Listeners were 9.8 times more likely to judge speakers who spoke approximately more than three syllables-per-second as fluent compared to those speakers who spoke less than three syllables-per-second. Listeners were approximately 18 times more likely to judge narratives wherein speakers verbalised for more than 50% of the picture description as denoting a fluent sample. In addition, listeners were almost three times more likely to judge speakers who showed minimal audible struggle as fluent relative to narratives assigned struggle scores of 4.3 or lower on a 5-point scale. That is, listeners were the most sensitive to speech productivity in judging language fluency, then to speech rate and finally to audible struggle.

Two of the original five variables (i.e., syllable TTR and filler ratio) failed to discriminate fluent from nonfluent samples, as evidenced by their exclusion from the regression model (both p >.05). Table 2 summarises parameters at each stage of this model, and Figure 1 demonstrates the magnitude of these differences for each predictor.

Several predictors in this regression model are correlated. For example, when one produced many hesitations, that person was also likely to show a diminished syllable TTR. Highly correlated predictors potentially violate the multicollinearity assumption of regression. Table 3 represents a correlation matrix detailing the strength of the relationships among our predictors. Field (2009) suggests a threshold of .80 for potential multicollinearity violation. Although none of our predictors exceeded this threshold, the correlation between speech rate and audible struggle (r = .74) approached it. Thus, one must interpret the exclusion of audible struggle from the final model with caution.

TABLE 3.

Correlation matrix for perceptual predictors of fluency

Speech rate Syllable TTR Speech productivity Audible struggle Filler ratio
Speech Rate 1 .05 .36** .74*** −.23
Syllable TTR 1 −.39** −.09 −.17
Speech Productivity 1 .41** −.14
Audible Struggle 1 .04

Correlation is significant

**

p < .01;

***

p < .001.

GENERAL DISCUSSION

The purpose of this study was to examine which perceptual features of speech contributed most to listeners’ perceptual judgements of language fluency. We have shown that as few as three variables can discriminate perceptual judgements of fluency with high accuracy. More specifically, listeners were sensitive to a weighted combination of how much patients said, how quickly they said it, and how much they struggled to say it. Other perceptual features we hypothesised would contribute to fluency (i.e., fillers and repeated syllables) were not significant predictors in our model.

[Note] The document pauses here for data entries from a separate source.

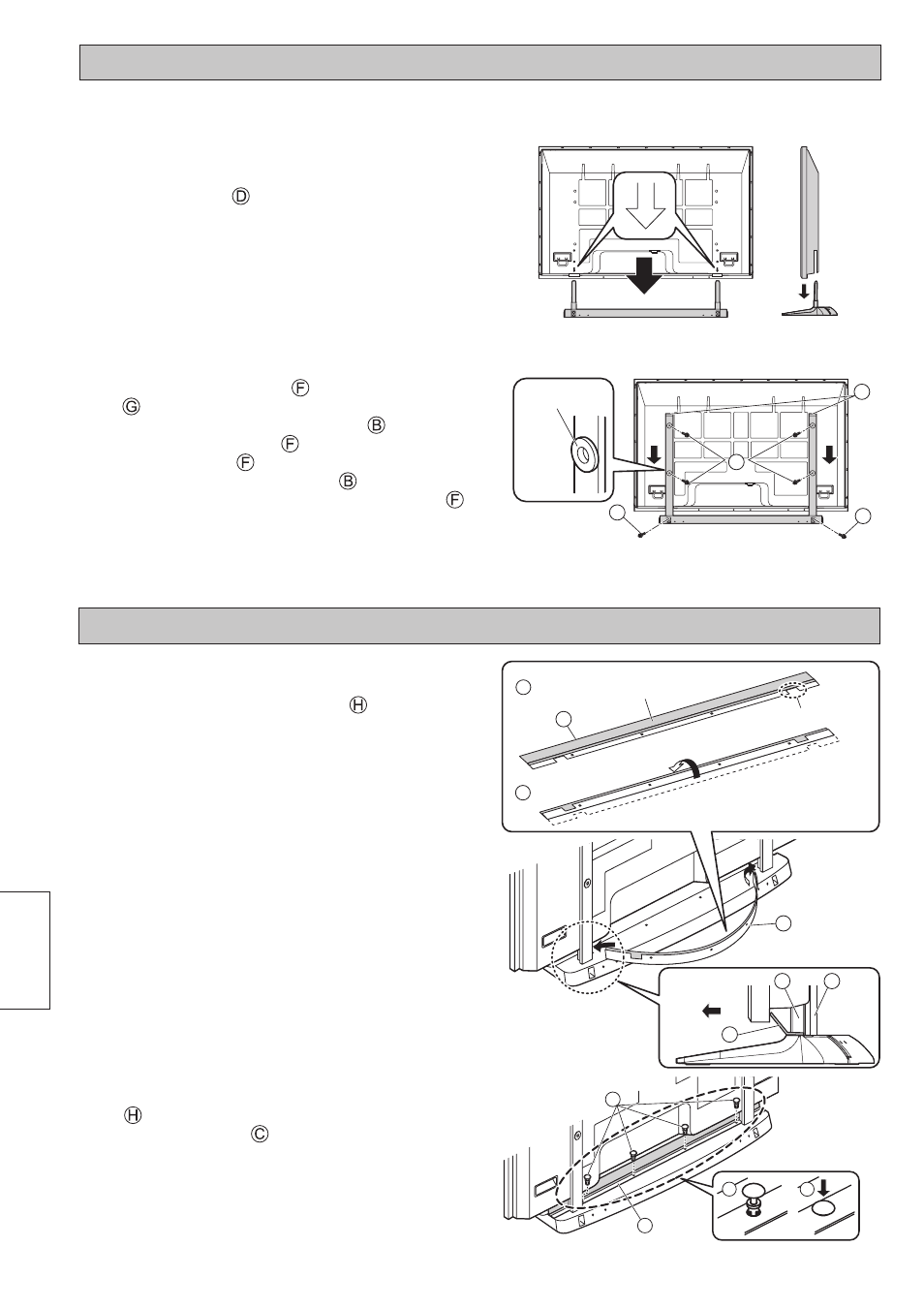 Fastgør soklen til skærmen, Montering af det lysblokerende panel, Dansk | Panasonic TY-ST65VX100 User Manual | Page 32 / 44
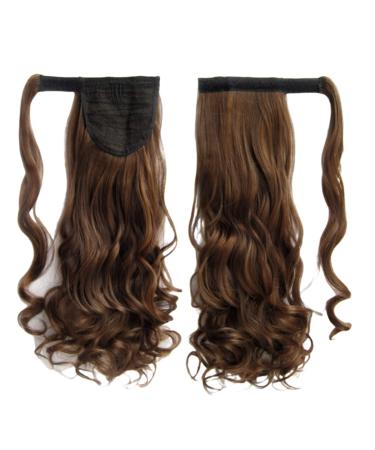 Wavy Ponytail Extension Hair Ponytail Wrap Around Ponytail 23 Inch Synthetic Natural Curly Hairpiece Wrap Around Hair Extensions for Women Daily Use Brown 1pc Brown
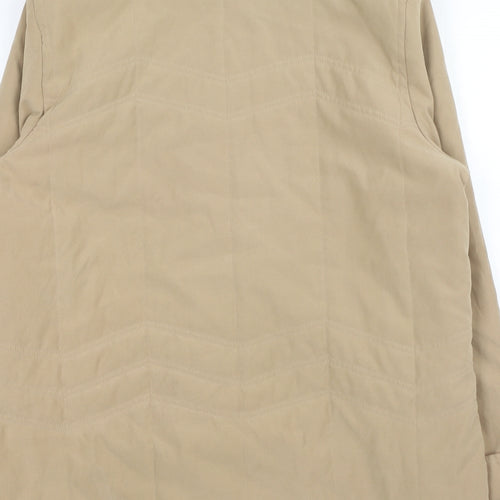 Preworn Womens Beige Jacket Coat Size 14 Button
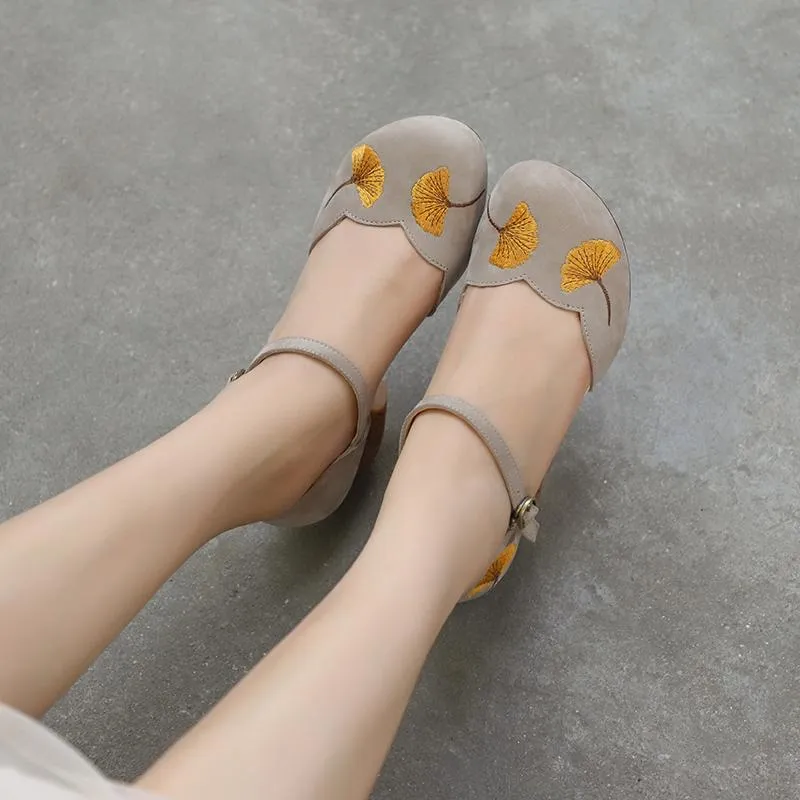 Mid Heel Mary Jane Sandals Womens Round Toe  Retro Buckle Sandals Handmade Matteleather Pumps Grey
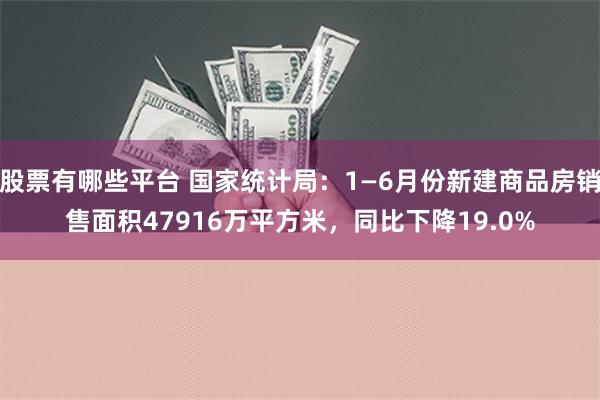 股票有哪些平台 国家统计局：1—6月份新建商品房销售面积47916万平方米，同比下降19.0%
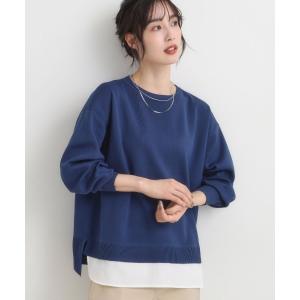 ニット セーター 「S-LL/洗える」一枚で簡単こなれ見え スポンディッシュ 裾レイヤード風ニット レディース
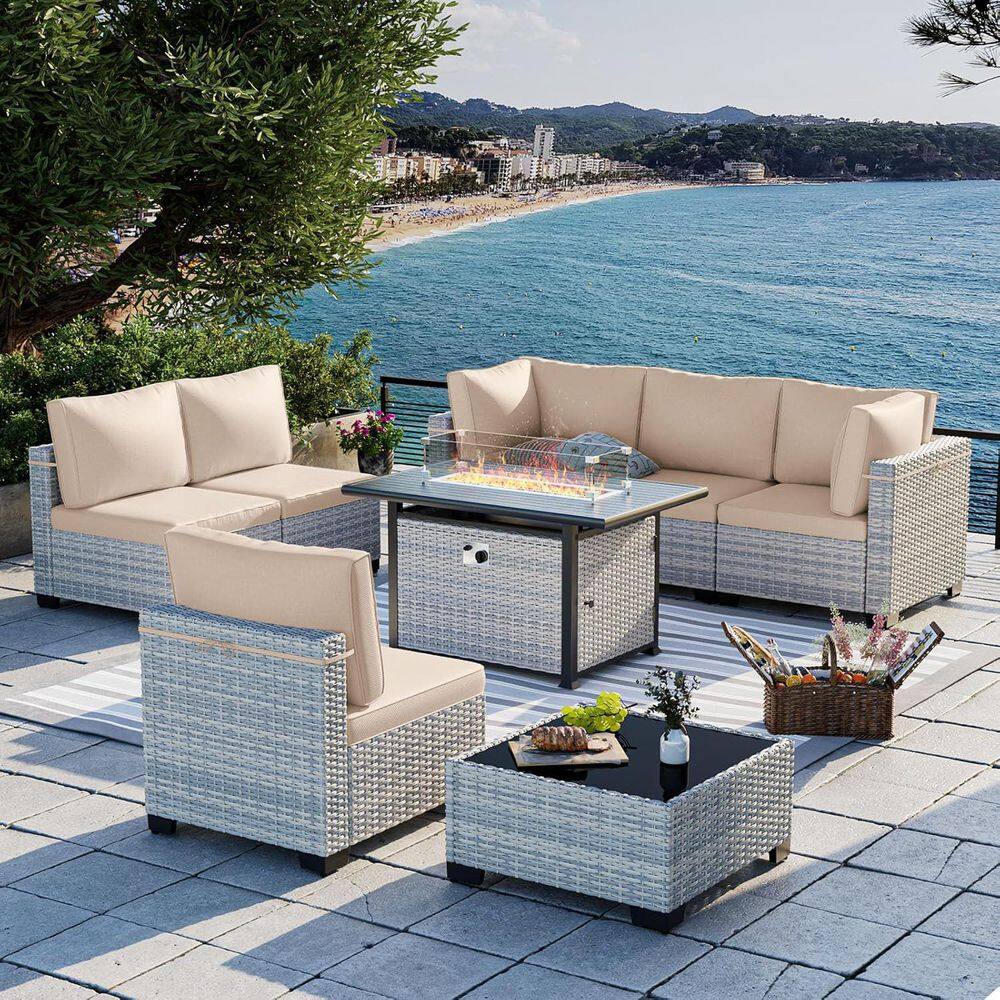 8-Piece Wicker Patio Conversation Set with 55,000-BTU Fire Pit Table and Glass Top Table with Beige Cushions price history on PriceWatchPro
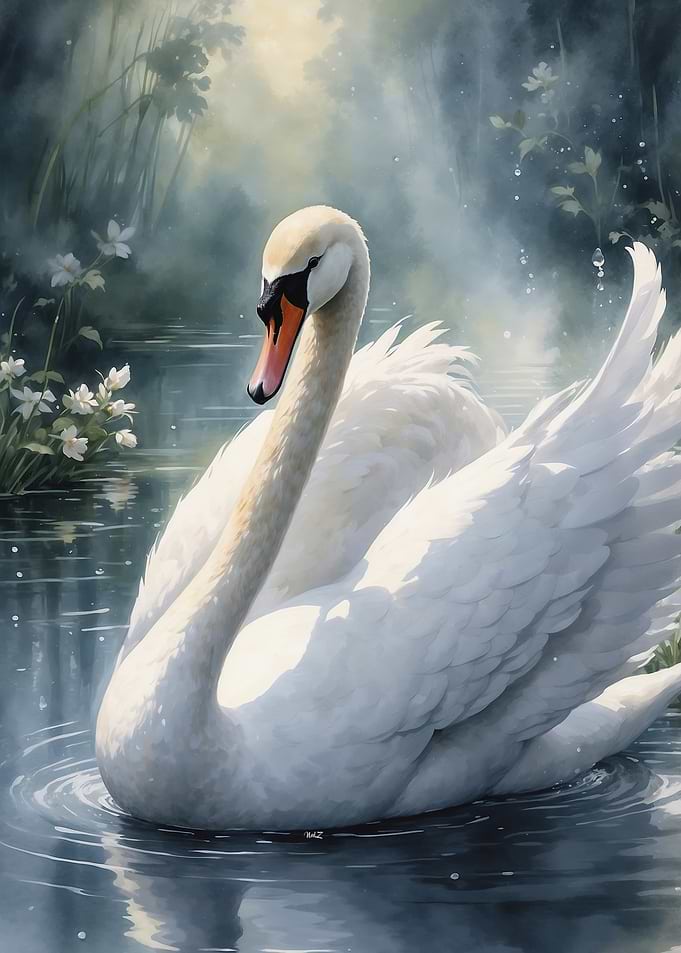 Elegant Swan in Mist
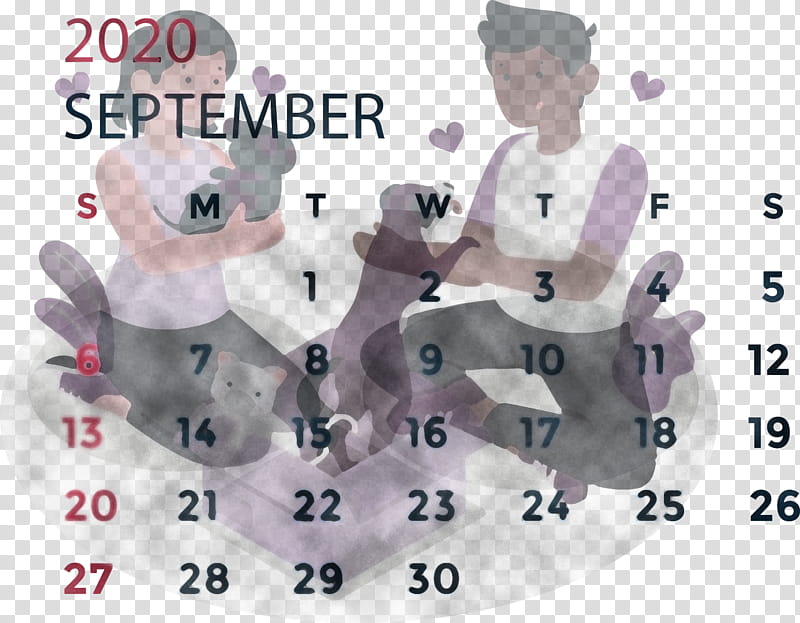 September 2020 Calendar September 2020 Printable Calendar, Meter, Purple, Behavior, Human, Science, Biology transparent background PNG clipart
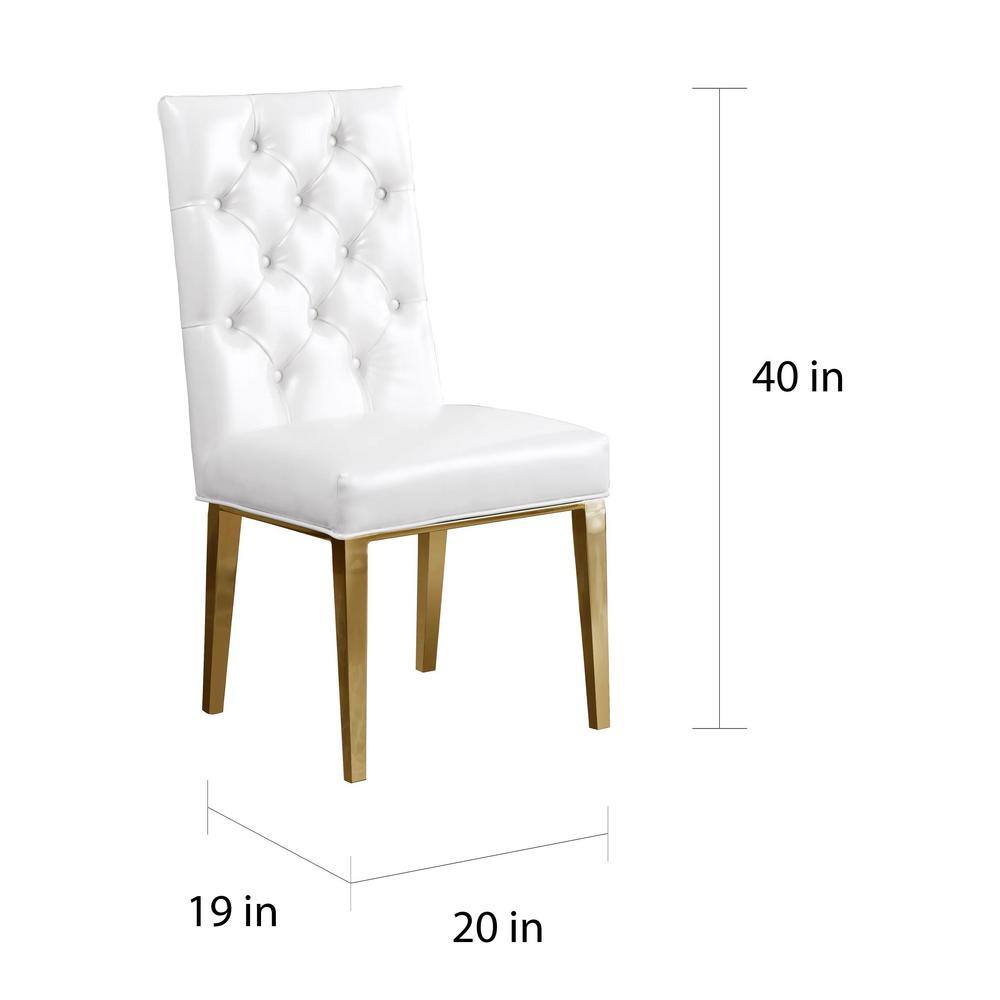 White Faux Leather Tufted Side Chairs with Chrome Legs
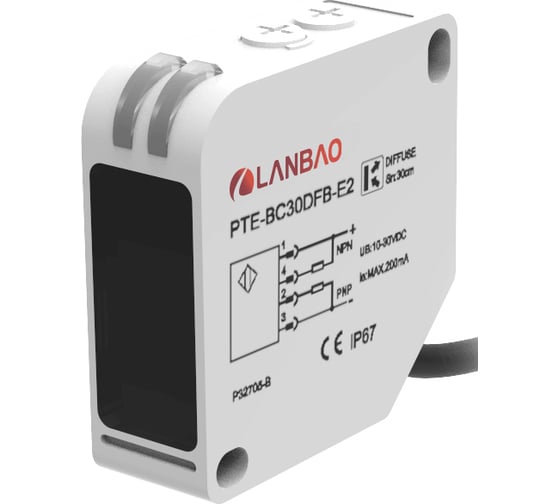 Изображение товара Оптический датчик диффузный Lanbao PTE-BC200DFB, Sn=2000 мм, PNP / NPN NO/NC (Програм)10...30DC, кабель 2м, 07-00039518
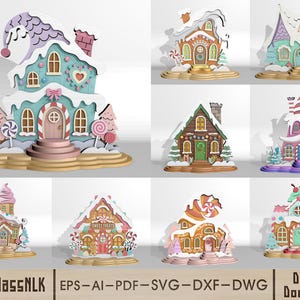 Könnte beinhalten: Eine Sammlung von zehn geschichteten 3D-Lebkuchenhaus-Designs mit bonbonfarbenen Dekorationen, schneebedeckten Dächern und farbenfrohen architektonischen Details. Der Text "HOURGLASSNLK EPS-AI-PDF-SVG-DXF-DWG Digital Download" befindet sich unten.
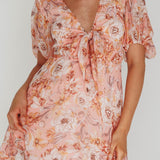 Madison Bow Tie Bust Puff Sleeve Dress Flowers Orange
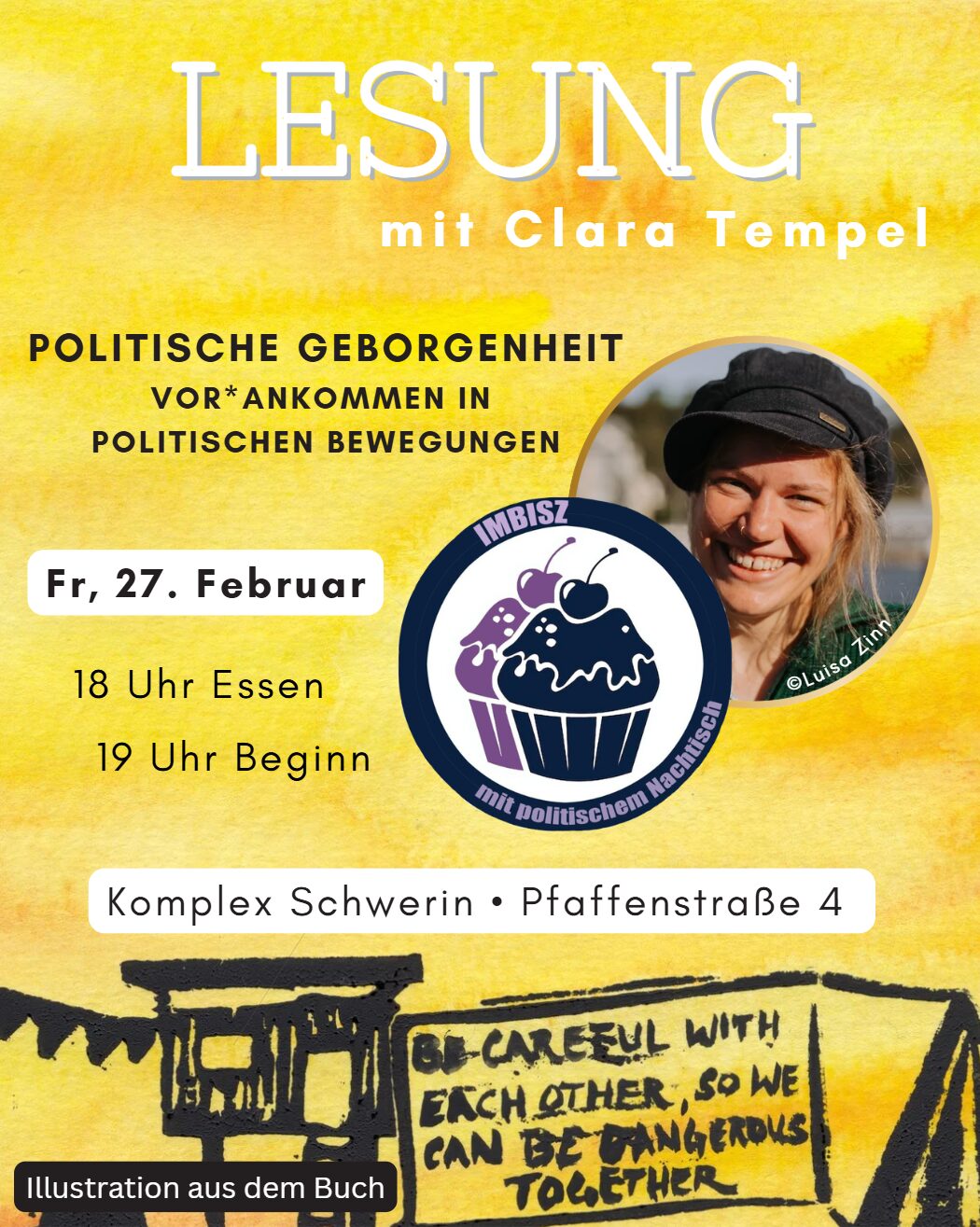 Komplex Schwerin // Lesung // Clara Tempel: Politische Geborgenheit // Imbisz mit politischem Dessert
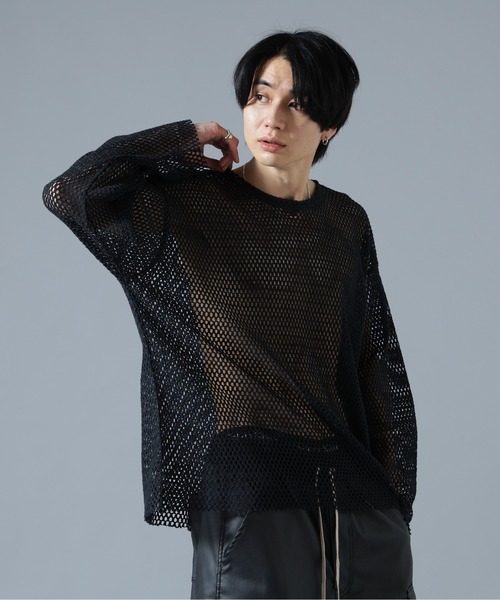 DANKE SCHON(ダンケシェーン)の「DankeSchon/ダンケシェーン/MESH L/S TEE(Tシャツ/カットソー・メンズ・グレー/ホワイト/ブラック・F)」の8枚目の写真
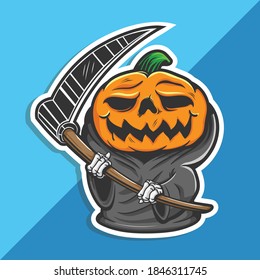 halloween pumpkin of grim reaper with the sickle. vector illustration	
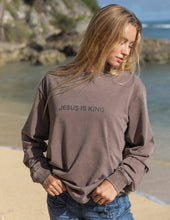 Load image into Gallery viewer, Jesus Is King Brown LS Unisex Tee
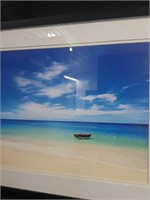 Framed Tropical Ocean Scene With Boat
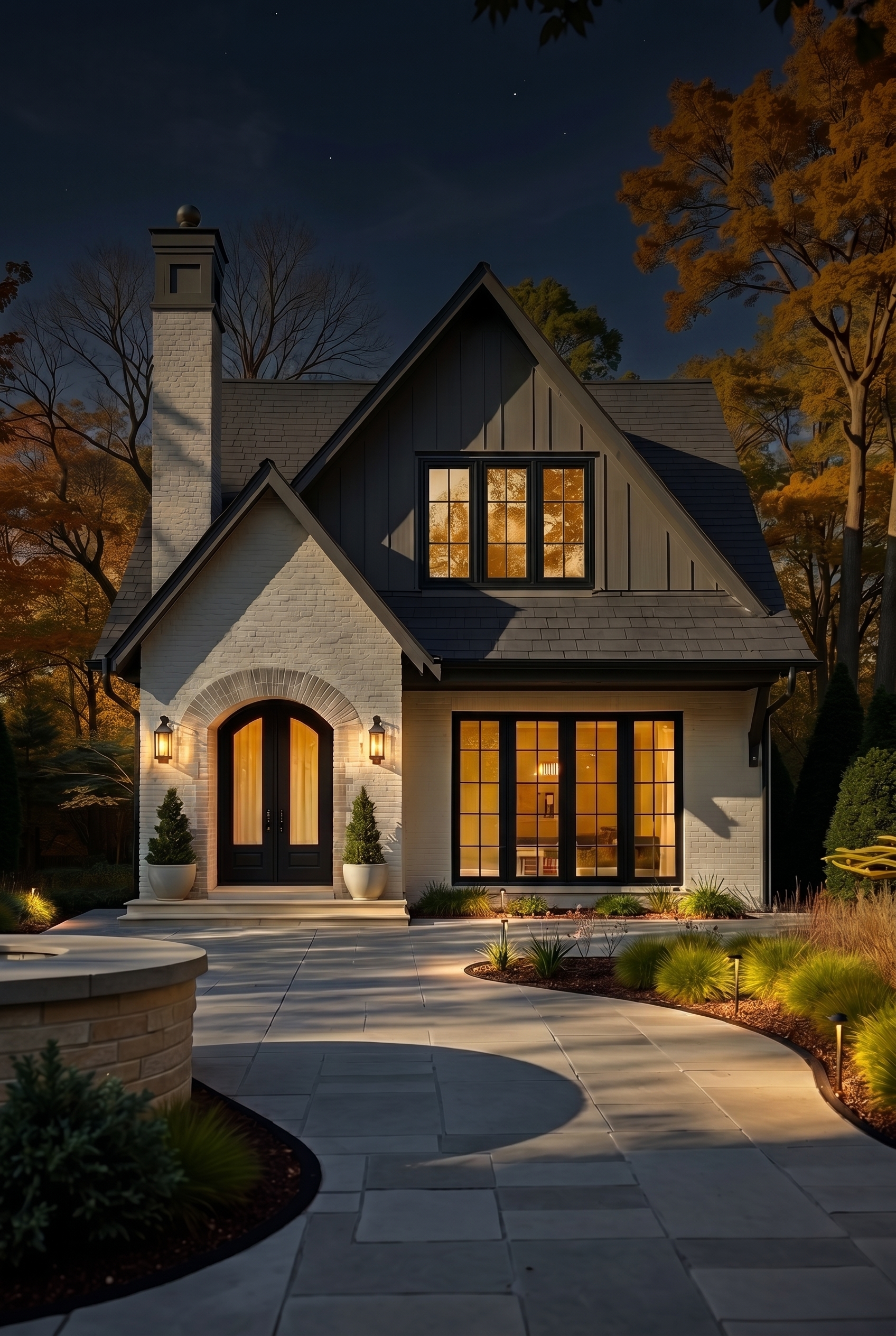 Neutral Small House Color Scheme: Neutral Gable Glory - Nighttime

With respect to these results, speech productivity was the most influential variable when listeners judged language fluency, which suggests that the absence of pauses, rather than increased speaking rate or less effortful speech, was a more influential factor in judging language fluency. Pausing is a common sign of word retrieval difficulty (Benson, 1967; Goldman-Eisler, 1963) and reflects a speaker’s effort with respect to phonation, articulation, and error correction (Benson, 1967). Although pausing itself does not specify speech production problems, the absence of pause can be a clear sign of fluent speech (Benson, 1967).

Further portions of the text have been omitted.